Im Rahmen unserer Bemühungen, diese entstehende Dynamik zu verstehen, veranstaltet das Tricontinental: Institute for Social Research gemeinsam mit der No Cold War-Kampagne, ALBA Movimientos, Pan-Africanism Today, dem International Strategy Center (Südkorea) und der International Peoples’ Assembly am 17. Juni das Webinar «The New Non-Alignment and the New Cold War». Zu den Referenten gehören Ronnie Kasrils (ehemaliger Geheimdienstminister, Südafrika), Sevim Dağdelen (stellvertretende Fraktionsvorsitzende der Partei Die Linke im Deutschen Bundestag), Stephanie Weatherbee (International Peoples’ Assembly) und Srujana Bodapati (Tricontinental).

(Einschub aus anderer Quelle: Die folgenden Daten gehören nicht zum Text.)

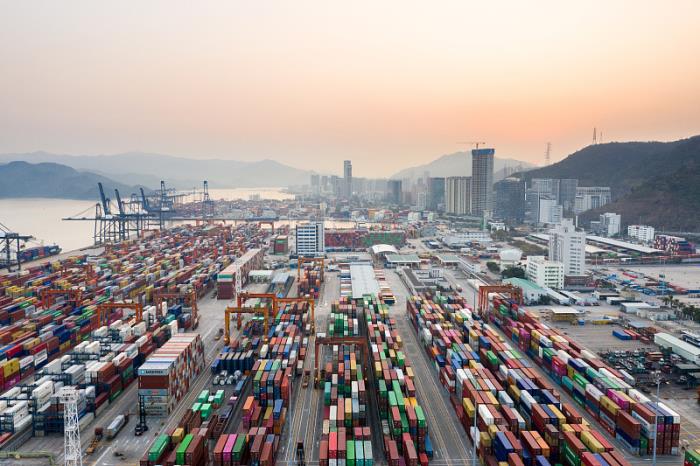 以星航运：正准备重返红海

1931 schrieb die jamaikanische Dichterin und Journalistin Una Marson (1905–1965) «There Will Come a Time», ein Gedicht voller Hoffnung auf eine Zukunft, «in der Liebe und Brüderlichkeit die Oberhand haben werden». Die Menschen in der kolonisierten Welt, schrieb sie, müssen einen anhaltenden Kampf führen, um ihre Freiheit zu erlangen. Wir sind noch lange nicht am Ende dieses Kampfes angelangt, aber wir sind auch nicht mehr bereit, uns fast vollständig unterzuordnen, wie es zur Zeit der Vorherrschaft der Triade der Fall war, die von 1991 bis heute andauert. Es lohnt sich, auf Marson zurückzukommen, die mit Sicherheit wusste, dass eine gerechtere Welt kommen wird, auch wenn sie nicht mehr am Leben sein würde, dies zu erleben:
Was macht es, dass wir wie verängstigte Vögel sind
Die ihre Fügel gegen die Eisenstäbe schlagen
Bis Blutstropfen fallen, und in herzzerreißenden Liedern
Unsere Seelen zu Gott hinübergehen? Genau diese Worte,
In Qualen gesungen, werden mächtig entfalten.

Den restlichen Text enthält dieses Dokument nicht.